Welcome to DU! The truly grassroots left-of-center political community where regular people, not algorithms, drive the discussions and set the standards. Join the community: Create a free account Support DU (and get rid of ads!): Become a Star Member Latest Breaking News General Discussion The DU Lounge All Forums Issue Forums Culture Forums Alliance Forums Region Forums Support Forums Help & Search

DonViejo

(60,536 posts)
Wed Apr 24, 2013, 01:05 PM Apr 2013

Republicans: An Immovable Wall of Nays

by Michael Tomasky Apr 24, 2013 4:45 AM EDT

The GOP appears well on its way to becoming the Seinfeld Party: the party of nothing. Michael Tomasky explains.


So far, it doesn’t look like the story of the Tsarnaev brothers is killing Republican support for immigration reform. John McCain and Lindsey Graham insisted that their identity makes reform all the more important. But Boston aside, if you pay a little attention you see signs that the right is getting a bit restive about all this reasonableness. There’s a long and winding road from here to there, but if the GOP does drop immigration, then it will essentially be a party of nothing, the Seinfeld Party, a party that has stopped even pretending that policy is something that political parties exist to make.
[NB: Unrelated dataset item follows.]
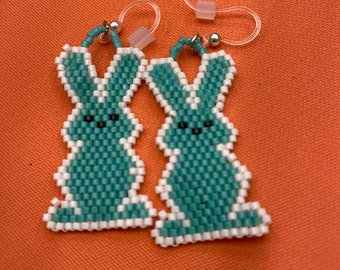 Handmade beaded earrings. Indigenous beading. Bunnies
Yesterday in Salon, political scientist Jonathan Bernstein wrote up the following little discovery, which has to do with the numbering of bills. Historically, the party that controls the House of Representatives reserves for itself the first 10 slots—HR 1, HR 2, and so on. Usually, the majority party has filled at least most of those slots with the pieces of legislation that it wants to announce to the world as its top priorities. When the Democrats ran the House, for example, HR 1 was always John Dingell’s health-care bill, in homage to his father, a congressman who pushed for national health care back in the day.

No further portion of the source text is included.